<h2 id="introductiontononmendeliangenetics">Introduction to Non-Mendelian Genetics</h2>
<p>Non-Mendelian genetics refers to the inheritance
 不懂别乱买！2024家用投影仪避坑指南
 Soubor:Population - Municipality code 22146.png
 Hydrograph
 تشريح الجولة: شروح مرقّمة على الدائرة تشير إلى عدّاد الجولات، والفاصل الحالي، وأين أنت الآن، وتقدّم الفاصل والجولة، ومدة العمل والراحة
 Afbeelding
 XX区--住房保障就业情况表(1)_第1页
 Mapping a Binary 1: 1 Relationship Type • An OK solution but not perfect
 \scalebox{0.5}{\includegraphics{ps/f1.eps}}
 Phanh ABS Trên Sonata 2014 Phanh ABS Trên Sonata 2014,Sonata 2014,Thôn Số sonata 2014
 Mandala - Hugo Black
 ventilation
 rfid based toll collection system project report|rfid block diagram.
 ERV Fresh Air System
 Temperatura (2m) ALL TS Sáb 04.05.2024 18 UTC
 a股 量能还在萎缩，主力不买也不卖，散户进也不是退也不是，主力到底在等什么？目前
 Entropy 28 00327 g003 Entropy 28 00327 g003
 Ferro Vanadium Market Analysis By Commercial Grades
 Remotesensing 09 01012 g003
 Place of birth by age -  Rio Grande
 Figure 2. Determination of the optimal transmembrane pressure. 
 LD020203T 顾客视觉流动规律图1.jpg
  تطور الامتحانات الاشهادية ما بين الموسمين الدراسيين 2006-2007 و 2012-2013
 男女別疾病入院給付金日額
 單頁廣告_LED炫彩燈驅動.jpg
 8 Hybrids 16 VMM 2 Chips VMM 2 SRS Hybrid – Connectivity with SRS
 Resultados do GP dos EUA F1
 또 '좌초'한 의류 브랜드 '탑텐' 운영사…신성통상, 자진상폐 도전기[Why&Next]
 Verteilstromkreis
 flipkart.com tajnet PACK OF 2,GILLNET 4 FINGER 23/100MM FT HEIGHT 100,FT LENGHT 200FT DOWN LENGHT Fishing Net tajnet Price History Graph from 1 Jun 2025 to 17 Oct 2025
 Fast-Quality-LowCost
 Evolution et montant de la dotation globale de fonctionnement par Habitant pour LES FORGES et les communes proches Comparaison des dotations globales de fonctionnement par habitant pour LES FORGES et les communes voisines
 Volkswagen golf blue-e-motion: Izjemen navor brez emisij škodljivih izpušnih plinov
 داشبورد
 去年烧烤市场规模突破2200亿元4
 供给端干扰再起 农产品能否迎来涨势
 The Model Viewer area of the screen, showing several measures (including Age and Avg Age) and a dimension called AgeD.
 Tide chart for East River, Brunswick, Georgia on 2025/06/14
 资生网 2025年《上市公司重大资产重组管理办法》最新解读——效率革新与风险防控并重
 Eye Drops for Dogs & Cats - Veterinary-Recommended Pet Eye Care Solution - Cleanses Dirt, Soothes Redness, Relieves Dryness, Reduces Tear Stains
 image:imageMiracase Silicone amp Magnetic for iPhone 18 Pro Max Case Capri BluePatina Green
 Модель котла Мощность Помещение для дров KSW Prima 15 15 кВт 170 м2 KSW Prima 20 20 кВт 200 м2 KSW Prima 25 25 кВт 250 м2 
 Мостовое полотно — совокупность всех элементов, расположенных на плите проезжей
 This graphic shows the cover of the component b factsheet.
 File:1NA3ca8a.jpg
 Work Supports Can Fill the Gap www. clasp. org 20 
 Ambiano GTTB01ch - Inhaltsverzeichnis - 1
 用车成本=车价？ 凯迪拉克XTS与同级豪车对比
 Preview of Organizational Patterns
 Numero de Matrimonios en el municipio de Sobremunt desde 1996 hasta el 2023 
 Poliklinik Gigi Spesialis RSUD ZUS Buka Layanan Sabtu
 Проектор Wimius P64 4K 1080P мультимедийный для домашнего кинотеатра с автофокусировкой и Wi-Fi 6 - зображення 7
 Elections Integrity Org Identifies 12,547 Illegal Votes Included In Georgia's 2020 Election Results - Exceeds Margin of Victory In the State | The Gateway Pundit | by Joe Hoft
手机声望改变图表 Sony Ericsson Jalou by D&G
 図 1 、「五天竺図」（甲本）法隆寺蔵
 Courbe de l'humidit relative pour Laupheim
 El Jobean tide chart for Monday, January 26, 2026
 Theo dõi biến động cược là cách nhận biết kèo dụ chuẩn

·····

Goal of the exercise:
From the records above, transcribe without alteration every line from the one with "ventilation" to the one with "LD020203T 顾客视觉流动规律图1.jpg", inclusive.

Answer area:
 ventilation
 rfid based toll collection system project report|rfid block diagram.
 ERV Fresh Air System
 Temperatura (2m) ALL TS Sáb 04.05.2024 18 UTC
 a股 量能还在萎缩，主力不买也不卖，散户进也不是退也不是，主力到底在等什么？目前
 Entropy 28 00327 g003 Entropy 28 00327 g003
 Ferro Vanadium Market Analysis By Commercial Grades
 Remotesensing 09 01012 g003
 Place of birth by age -  Rio Grande
 Figure 2. Determination of the optimal transmembrane pressure. 
 LD020203T 顾客视觉流动规律图1.jpg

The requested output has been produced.